Viscosity

It was as I got older that I started to fell life becoming more viscous. I can’t pinpoint when exactly, but I had started to notice that depending on the phase of life, the passage of time seems to have different levels of viscosity. Early on, you have no impact on the flow: you must swim with the current and be battered by it, knocked back and forth. As a young man, what I did had little effect on what was around me, with events glancing off me and rolling over me as water does off a proverbial duck’s back. But then I started to develop my own momentum, pull of gravity, friction, call it what you will: things started to respond to what I did, and I started being able to influence the streams and currents around me. Suddenly moving a hand, or having a thought, or just altering direction makes a difference and pulls people and events around you into your circle of orbit.

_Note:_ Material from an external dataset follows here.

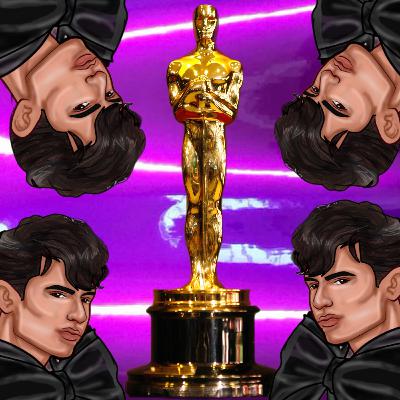 Academy Awards Beauty Guide + Oscars Best Dressed!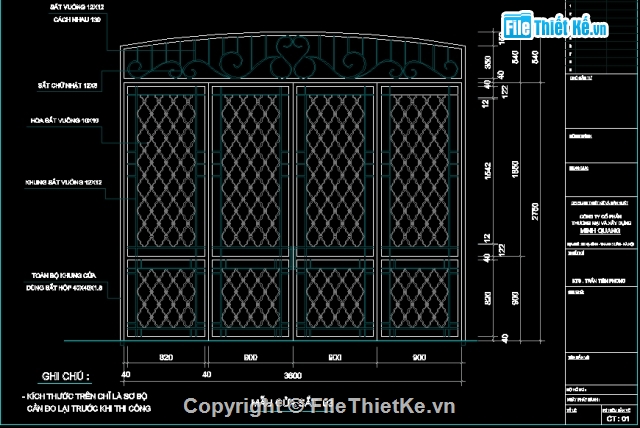 Deluxwindow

This spatiotemporal viscosity brought with it the same problems as the physical kind, of course. Movement was more difficult, tedious, energy-sapping, and of course there were times when I wished that my movements wouldn’t cause more than the bare ripple they used to. I became more embedded: and that brought more responsibility. I was beginning to stir the mixture, if you like, which indirectly made me a chef in the great culinary experiment around me, and hence a participant.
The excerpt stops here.